** Material for the task follows **

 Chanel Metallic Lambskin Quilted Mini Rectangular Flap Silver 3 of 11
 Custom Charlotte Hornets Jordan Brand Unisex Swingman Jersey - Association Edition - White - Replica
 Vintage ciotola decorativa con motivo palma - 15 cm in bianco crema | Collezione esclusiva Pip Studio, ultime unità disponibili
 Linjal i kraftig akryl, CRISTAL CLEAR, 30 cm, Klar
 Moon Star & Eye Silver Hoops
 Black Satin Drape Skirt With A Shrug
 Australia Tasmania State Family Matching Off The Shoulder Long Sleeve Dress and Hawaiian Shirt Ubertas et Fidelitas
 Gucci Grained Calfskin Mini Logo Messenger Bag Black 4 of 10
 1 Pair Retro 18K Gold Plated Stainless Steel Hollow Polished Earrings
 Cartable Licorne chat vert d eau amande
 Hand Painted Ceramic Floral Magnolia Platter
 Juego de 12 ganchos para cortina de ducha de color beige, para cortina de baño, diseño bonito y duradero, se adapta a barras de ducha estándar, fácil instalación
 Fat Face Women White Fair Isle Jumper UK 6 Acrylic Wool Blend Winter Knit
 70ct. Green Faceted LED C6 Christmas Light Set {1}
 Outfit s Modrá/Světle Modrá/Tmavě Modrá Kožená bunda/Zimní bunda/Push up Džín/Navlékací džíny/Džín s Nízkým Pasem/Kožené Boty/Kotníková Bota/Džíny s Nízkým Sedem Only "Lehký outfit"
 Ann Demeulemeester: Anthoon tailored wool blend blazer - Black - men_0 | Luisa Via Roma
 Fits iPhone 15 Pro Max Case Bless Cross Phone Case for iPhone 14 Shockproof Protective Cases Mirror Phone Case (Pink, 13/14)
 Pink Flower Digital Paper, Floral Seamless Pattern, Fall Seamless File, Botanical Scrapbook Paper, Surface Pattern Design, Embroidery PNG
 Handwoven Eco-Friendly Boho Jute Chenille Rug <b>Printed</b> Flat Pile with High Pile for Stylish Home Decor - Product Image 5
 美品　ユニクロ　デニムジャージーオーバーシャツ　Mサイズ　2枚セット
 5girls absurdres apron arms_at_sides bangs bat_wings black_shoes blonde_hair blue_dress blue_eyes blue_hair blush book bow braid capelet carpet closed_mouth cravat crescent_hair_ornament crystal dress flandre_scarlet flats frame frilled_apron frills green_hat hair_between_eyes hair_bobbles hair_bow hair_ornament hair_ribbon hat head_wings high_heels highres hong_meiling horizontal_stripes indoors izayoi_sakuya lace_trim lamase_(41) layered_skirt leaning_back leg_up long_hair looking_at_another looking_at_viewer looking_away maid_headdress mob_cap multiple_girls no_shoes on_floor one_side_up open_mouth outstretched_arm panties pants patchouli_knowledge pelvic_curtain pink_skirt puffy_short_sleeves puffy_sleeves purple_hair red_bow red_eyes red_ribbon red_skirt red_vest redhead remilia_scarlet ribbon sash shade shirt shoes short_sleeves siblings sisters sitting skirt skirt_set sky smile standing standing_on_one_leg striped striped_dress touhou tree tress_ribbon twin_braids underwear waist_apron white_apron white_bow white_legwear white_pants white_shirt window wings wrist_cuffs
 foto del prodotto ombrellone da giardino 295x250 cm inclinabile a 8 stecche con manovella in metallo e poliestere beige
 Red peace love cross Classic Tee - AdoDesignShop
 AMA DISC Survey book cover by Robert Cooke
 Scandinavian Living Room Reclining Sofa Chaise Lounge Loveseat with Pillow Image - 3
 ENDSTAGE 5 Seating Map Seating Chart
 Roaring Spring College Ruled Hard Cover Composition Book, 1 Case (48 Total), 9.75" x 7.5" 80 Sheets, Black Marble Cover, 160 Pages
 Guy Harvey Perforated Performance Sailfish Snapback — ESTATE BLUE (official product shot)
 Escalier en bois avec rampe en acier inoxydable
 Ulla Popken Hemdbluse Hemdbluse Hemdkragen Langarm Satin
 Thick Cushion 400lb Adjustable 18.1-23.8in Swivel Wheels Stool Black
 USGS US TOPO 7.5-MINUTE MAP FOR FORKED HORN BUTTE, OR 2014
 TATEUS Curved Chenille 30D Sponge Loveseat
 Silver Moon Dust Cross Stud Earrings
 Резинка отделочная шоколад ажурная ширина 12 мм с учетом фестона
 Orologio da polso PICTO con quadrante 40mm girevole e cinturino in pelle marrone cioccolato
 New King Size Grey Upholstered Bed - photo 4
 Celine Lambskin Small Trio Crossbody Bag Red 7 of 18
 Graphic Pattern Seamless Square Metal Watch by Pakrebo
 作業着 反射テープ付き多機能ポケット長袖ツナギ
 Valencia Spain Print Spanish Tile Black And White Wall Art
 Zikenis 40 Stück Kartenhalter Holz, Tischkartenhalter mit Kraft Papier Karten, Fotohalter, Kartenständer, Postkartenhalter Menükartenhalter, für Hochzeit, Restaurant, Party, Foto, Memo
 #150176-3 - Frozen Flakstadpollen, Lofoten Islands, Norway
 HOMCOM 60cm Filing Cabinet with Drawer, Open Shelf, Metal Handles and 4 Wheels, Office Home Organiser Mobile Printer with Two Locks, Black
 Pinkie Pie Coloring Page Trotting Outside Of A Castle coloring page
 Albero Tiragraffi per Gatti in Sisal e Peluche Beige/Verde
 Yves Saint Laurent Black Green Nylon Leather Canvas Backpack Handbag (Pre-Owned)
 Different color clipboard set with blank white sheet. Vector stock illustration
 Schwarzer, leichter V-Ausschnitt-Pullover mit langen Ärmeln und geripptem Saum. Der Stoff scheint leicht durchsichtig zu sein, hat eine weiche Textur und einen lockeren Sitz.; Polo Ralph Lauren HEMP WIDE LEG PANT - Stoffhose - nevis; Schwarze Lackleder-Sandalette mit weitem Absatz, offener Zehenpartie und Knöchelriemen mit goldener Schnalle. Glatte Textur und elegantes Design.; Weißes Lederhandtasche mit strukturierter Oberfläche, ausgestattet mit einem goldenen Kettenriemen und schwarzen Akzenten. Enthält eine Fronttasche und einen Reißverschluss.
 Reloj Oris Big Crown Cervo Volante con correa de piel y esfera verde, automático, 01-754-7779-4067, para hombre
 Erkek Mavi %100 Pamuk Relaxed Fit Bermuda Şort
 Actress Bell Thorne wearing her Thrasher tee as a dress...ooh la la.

** End of Material for the task **

Which lines above run from the one containing "Linjal i kraftig" to the one containing "Juego de 12"? Give them again exactly, both ends included.

• Solution to this exercise
 Linjal i kraftig akryl, CRISTAL CLEAR, 30 cm, Klar
 Moon Star & Eye Silver Hoops
 Black Satin Drape Skirt With A Shrug
 Australia Tasmania State Family Matching Off The Shoulder Long Sleeve Dress and Hawaiian Shirt Ubertas et Fidelitas
 Gucci Grained Calfskin Mini Logo Messenger Bag Black 4 of 10
 1 Pair Retro 18K Gold Plated Stainless Steel Hollow Polished Earrings
 Cartable Licorne chat vert d eau amande
 Hand Painted Ceramic Floral Magnolia Platter
 Juego de 12 ganchos para cortina de ducha de color beige, para cortina de baño, diseño bonito y duradero, se adapta a barras de ducha estándar, fácil instalación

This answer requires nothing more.